In his prime Muhammad Ali was everything he claimed to be - the fastest, the greatest, the prettiest. As his doctor said, 'If someone came from another planet and said "Give us your best specimen" you'd give him Ali.' He was also, as David Remnick demonstrates in this historically sophisticated and splendidly entertaining book, an artist whose masterpiece was his own image, the auteur and star of a theatrically compelling, politically cogent spectacle. The US army twice classified him as being too stupid to serve, but in Remnick's view in 1962, when he first turned professional, he was 'the most self-aware 21-yearold in the country'.

He used that awareness in his fights and in the psychodramas which preceded and surrounded them.

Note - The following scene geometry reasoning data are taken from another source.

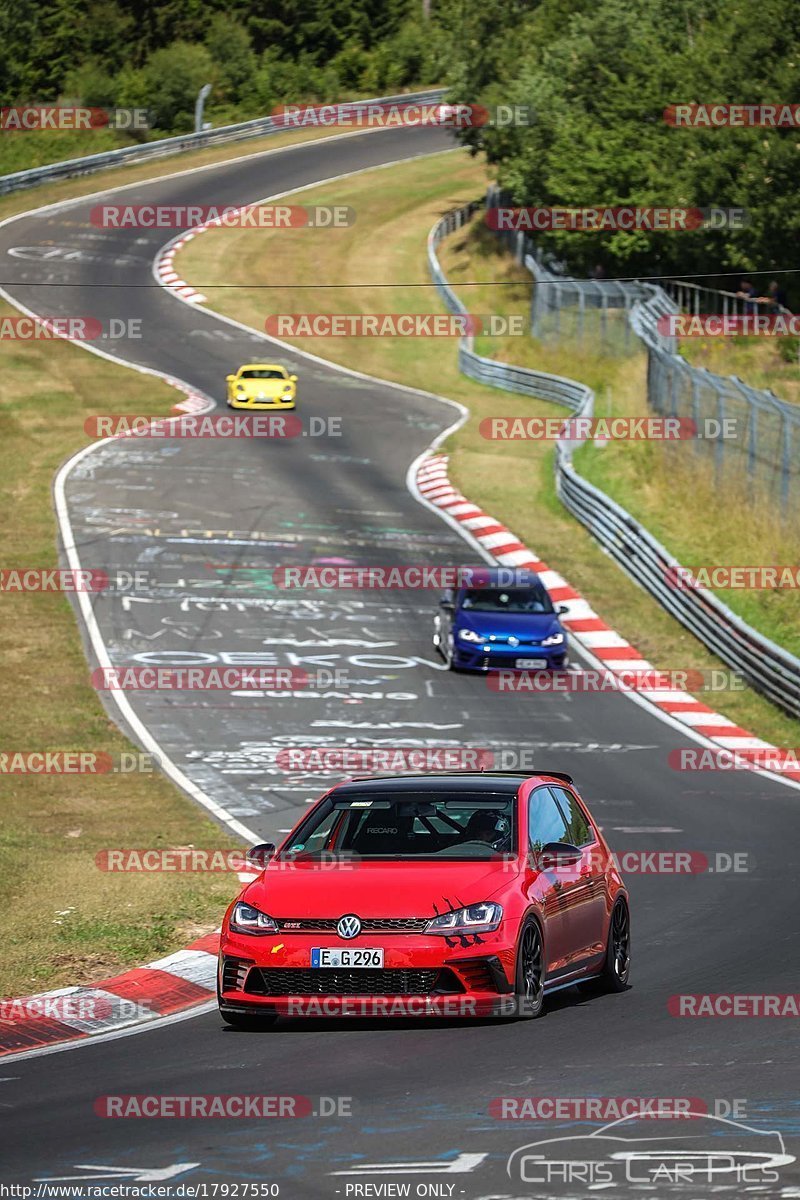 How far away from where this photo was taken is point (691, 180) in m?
50.0

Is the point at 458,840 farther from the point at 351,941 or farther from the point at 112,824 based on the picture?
the point at 112,824

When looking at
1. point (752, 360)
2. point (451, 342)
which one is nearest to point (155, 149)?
point (451, 342)

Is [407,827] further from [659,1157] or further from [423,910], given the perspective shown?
[659,1157]

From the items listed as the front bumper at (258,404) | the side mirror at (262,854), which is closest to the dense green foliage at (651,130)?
the front bumper at (258,404)

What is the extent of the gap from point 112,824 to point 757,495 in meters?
16.1

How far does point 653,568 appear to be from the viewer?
33.1 meters

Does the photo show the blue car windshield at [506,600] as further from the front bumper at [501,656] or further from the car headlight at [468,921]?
the car headlight at [468,921]

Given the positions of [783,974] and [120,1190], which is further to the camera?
[783,974]

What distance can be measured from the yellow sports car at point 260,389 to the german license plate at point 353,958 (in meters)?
38.3

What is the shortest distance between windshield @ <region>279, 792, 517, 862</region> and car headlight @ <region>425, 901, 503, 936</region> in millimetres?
777

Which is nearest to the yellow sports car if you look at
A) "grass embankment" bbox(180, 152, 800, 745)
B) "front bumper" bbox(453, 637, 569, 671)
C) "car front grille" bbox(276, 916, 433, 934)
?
"grass embankment" bbox(180, 152, 800, 745)

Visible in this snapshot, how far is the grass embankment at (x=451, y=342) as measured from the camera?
3278cm

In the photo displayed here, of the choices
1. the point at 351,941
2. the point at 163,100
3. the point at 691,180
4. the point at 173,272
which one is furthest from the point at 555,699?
the point at 163,100

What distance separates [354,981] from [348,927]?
0.93 ft
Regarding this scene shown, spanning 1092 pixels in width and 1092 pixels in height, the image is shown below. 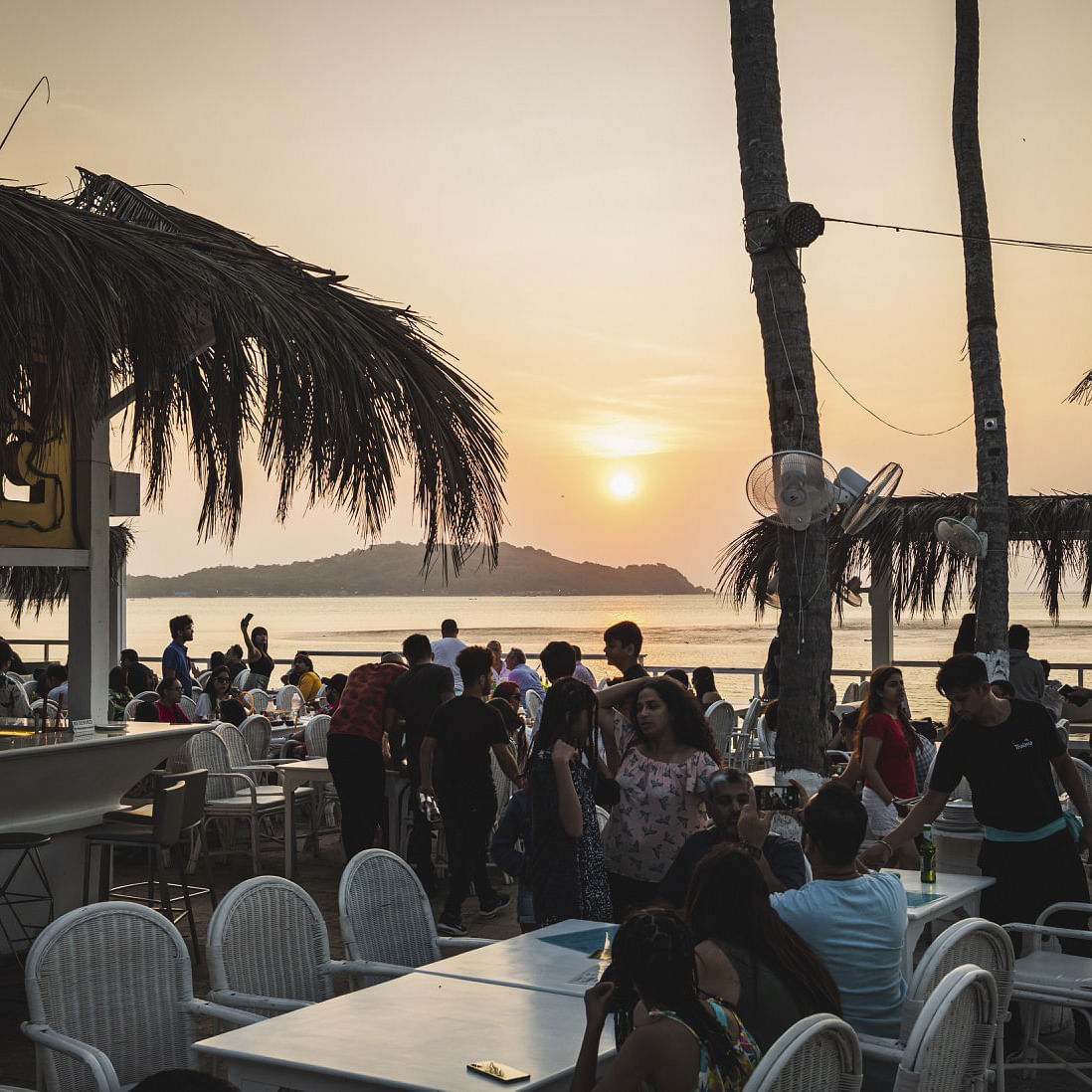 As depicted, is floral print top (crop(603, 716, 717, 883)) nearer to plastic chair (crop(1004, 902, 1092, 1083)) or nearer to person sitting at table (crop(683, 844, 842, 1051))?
plastic chair (crop(1004, 902, 1092, 1083))

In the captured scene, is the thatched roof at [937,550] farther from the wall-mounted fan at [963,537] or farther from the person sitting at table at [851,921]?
the person sitting at table at [851,921]

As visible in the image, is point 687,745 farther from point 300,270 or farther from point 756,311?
point 300,270

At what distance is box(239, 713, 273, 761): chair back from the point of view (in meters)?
10.4

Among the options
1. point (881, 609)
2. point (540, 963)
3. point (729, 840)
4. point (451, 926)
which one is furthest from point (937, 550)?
point (540, 963)

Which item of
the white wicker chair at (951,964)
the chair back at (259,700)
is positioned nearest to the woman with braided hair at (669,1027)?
the white wicker chair at (951,964)

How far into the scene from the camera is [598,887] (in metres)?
4.78

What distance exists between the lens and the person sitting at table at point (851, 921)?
11.4 ft

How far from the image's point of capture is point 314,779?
27.9ft

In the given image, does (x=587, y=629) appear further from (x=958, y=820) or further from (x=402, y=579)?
(x=958, y=820)

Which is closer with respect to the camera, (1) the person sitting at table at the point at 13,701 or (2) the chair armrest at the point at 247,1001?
(2) the chair armrest at the point at 247,1001

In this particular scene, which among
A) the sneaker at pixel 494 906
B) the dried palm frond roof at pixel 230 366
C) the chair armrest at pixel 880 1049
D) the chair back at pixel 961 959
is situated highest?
the dried palm frond roof at pixel 230 366

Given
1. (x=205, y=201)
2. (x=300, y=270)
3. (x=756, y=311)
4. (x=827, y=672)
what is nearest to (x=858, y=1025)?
(x=827, y=672)

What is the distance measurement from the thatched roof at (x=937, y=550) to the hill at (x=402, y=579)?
304 feet

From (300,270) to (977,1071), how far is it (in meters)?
4.78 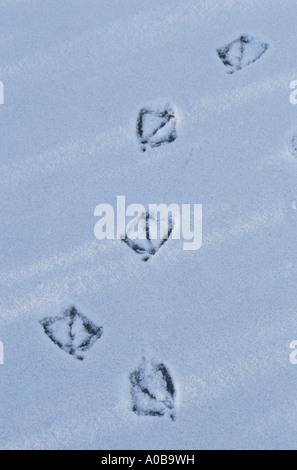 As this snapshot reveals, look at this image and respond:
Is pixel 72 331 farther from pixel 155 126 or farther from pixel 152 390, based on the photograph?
pixel 155 126

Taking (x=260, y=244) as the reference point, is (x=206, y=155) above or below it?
above

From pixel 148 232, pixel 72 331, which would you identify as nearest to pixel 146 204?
pixel 148 232

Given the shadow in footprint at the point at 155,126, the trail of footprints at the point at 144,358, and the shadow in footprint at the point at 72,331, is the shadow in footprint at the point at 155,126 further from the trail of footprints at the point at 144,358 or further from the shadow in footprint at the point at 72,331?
the shadow in footprint at the point at 72,331

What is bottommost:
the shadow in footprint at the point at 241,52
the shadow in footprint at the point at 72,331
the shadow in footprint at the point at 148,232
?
the shadow in footprint at the point at 72,331

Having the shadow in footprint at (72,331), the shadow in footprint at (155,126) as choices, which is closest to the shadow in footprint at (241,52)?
the shadow in footprint at (155,126)

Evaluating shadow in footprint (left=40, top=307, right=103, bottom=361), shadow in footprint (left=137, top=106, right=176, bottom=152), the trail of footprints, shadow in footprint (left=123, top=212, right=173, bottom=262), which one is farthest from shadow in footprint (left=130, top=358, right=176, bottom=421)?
shadow in footprint (left=137, top=106, right=176, bottom=152) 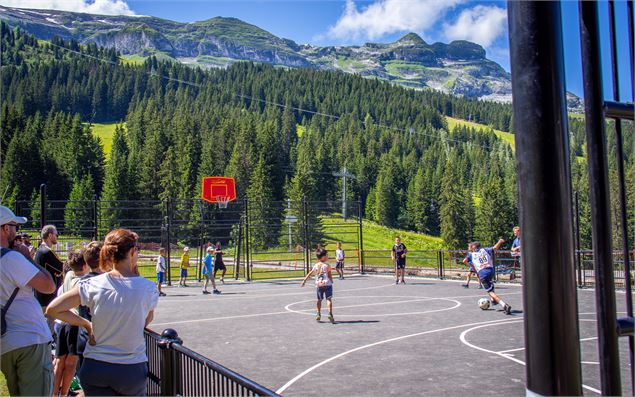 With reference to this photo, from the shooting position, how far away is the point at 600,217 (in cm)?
123

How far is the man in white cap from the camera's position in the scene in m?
4.34

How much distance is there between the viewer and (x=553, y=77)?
3.82ft

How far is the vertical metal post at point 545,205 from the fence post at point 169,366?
4182mm

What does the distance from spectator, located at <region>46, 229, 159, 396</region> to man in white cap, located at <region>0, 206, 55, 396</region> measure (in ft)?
1.40

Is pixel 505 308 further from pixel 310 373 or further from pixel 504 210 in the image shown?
pixel 504 210

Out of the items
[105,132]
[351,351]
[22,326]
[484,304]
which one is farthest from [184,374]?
[105,132]

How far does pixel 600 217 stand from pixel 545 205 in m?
0.21

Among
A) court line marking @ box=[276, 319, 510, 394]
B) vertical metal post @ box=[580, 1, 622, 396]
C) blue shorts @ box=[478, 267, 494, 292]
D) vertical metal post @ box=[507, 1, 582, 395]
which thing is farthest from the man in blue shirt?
vertical metal post @ box=[507, 1, 582, 395]

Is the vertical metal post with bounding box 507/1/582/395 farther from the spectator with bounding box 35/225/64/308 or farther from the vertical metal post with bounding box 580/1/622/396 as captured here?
the spectator with bounding box 35/225/64/308

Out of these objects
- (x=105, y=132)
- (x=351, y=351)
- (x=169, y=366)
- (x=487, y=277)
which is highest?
(x=105, y=132)

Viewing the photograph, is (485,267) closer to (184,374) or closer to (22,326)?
(184,374)

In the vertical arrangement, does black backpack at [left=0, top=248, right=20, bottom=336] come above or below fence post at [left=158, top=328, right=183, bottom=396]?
above

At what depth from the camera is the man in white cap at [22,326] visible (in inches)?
171

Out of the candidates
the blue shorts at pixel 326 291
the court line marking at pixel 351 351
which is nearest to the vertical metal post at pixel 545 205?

Remnick gives a riveting account of the weigh-in before his first fight against Sonny Liston, when Cassius Clay, as he then was, acted so mad, bad and dangerous that even his own team were unsure that he hadn't lost his sanity until they checked his blood pressure afterwards and realised how coolly he had planned the performance. He was equally astute, and equally audacious, in the way he responded to historical change and turned it to his own purposes. As he told Remnick, 'I had to prove you could be a new kind of black man.'

His two immediate predecessors as world heavyweight champion each represented one of the old kinds. It's not until nearly a third of the way through this book that Ali, as it were, enters the ring. The extended first section builds up to and describes the fight between Sonny Liston, the 'Bad Nigger', and Floyd Patterson, the 'Good' one. Liston was an illiterate criminal who was managed, like the majority of fighters at the time, by the Mafia. To the poet LeRoi Jones (and to nearly everyone else) he was 'the big black Negro in every white man's hallway, waiting to do him in'. Patterson, on the other hand, anxious and conciliatory, was the servile loser everybody liked. In describing them and their careers, and in particular their representation by the press, Remnick shows vividly in what kind of world a new contender had to operate.